派手にいこう

 一瞬の身じろぎの後戦いが始まった。まず広瀬が駆け出した。だがしかし、彼の武器である鋭い踏み込みによる一撃は空振りに終わった。弓子はその動きを見切り、最小限の動きで避けた。


 諦めず二度三度攻撃を試みるが、彼女はそのすべてを難なくかわした。そしてカウンターの一撃を放つ。刃は広瀬の胸を突くように思えた。だが寸前でかれは横に体を転がしそれを避ける。そのおかげで無傷ですんだ。


 攻撃の手を緩めない。何度も突いては引き、引いてはまた突くという戦法を取った。弓子は防戦一方に見えるがそうではない。わざと隙を作って誘い込んでいるのだ。その罠にまんまと引っかかり、広瀬は大きく腕を振りかぶった。渾身の一打を喰らわせようと力を込める。


 だがその瞬間、彼女の背後で何かが動く気配があった。椎名が素早く彼女の背中に回り込んだ。硬直する背後を狙って、鉄パイプの一閃。しかし弓子は体を翻し、反対に椎名を床に押さえ込んだ。

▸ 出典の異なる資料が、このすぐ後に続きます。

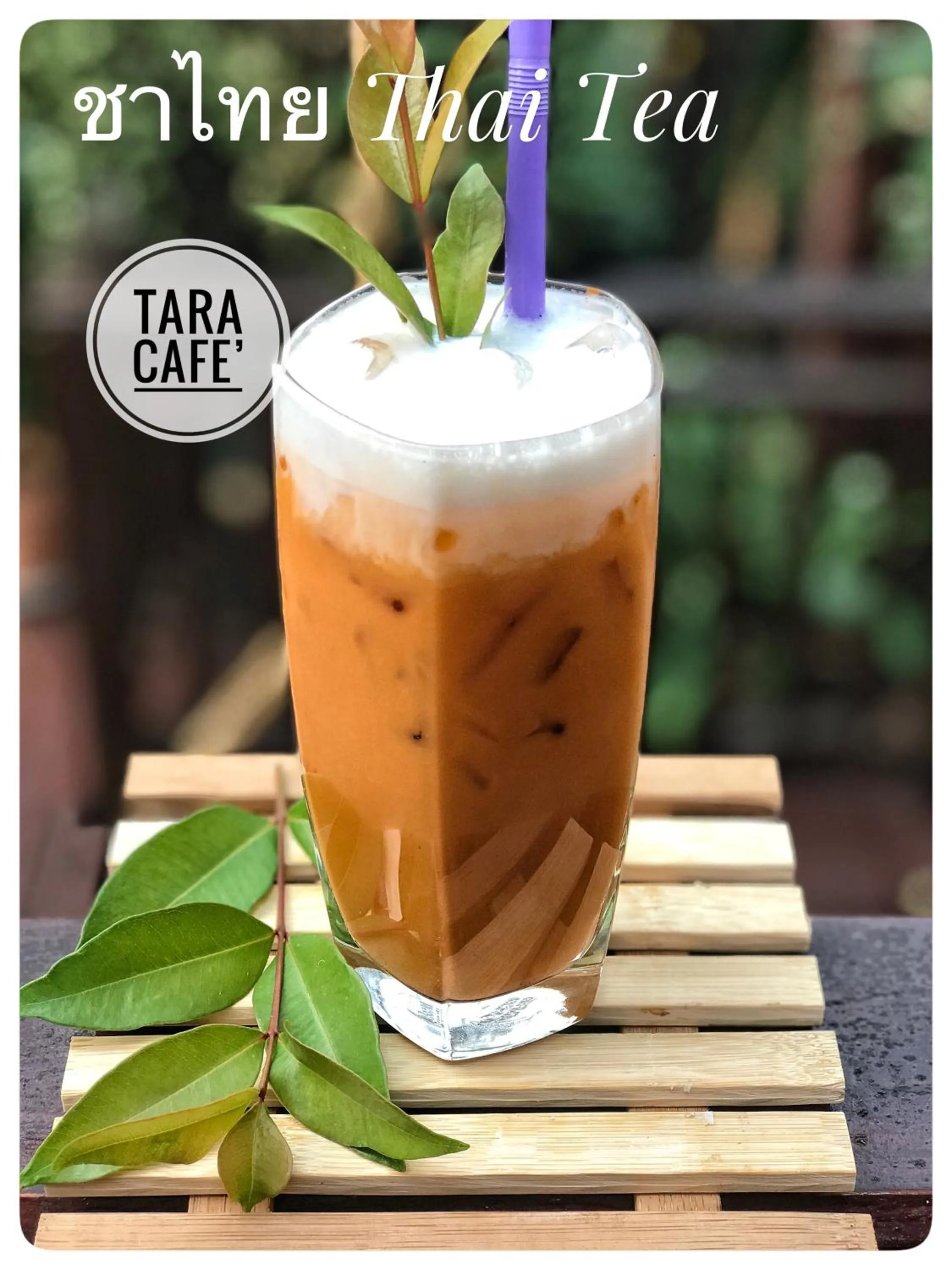 Food and drinks in Papai Country Lodge SHA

 目の前に迫る切っ先に、椎名はごくりと唾を飲む。しかし広瀬は次の瞬間、ぽつりとつぶやいた。


「時間だ」




「あーあー、なんで灰戸のこと助けてるんだろ。椎名を連れてったらそれで終わりのはずだったのにさあ」


 きららはぼやいた。


 広瀬と椎名が足止め係をしている間に、きららは灰戸を連れて脱出していた。意識のない状態だというのに、痩せぎすの身体は紙のように軽い。それから、背中におぶったままの灰戸の顔を覗き込んだ。ぐったりとしたまま動かない。

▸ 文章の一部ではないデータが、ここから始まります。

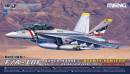 1/48 Boeing F/A-18F Super Hornet Bounty Hunters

「ねえ灰戸、しっかりしなよ。自分には何も無いって言ってたけど、お前って結構できるやつだったよ。まだ楽しいこと面白いこと何も知らないまま、こんなとこで、あんなおばさんのために死ぬなんかくだらないじゃん」


 返答はない。彼女は意識のない灰戸を、そっと床に寝かせてあげた。


 椎名に出会わなければきっと、広瀬を信頼して頼ることも、灰戸を助けようとも思わなかっただろう。誰かのために動こうとか誰かを助けようなんて絶対に思わなかった。あの情に脆い性格がうつったのだろうか。けれどそれならそれで、悪くないと思う。


 自分には自分の仕事がある。廃屋を見据えながら、きららはごくりと唾を飲んだ。


 派手にいこう。そう期待しながら、彼女は起爆スイッチを押した。




「――伏せろ!」


 広瀬が叫ぶ。


 閃光、爆音、熱風。巻き上げられる瓦礫から顔を庇いながら、椎名は驚愕の声を上げた。地面が割れるような轟音が響き、硝煙のにおいが流れ込んできた。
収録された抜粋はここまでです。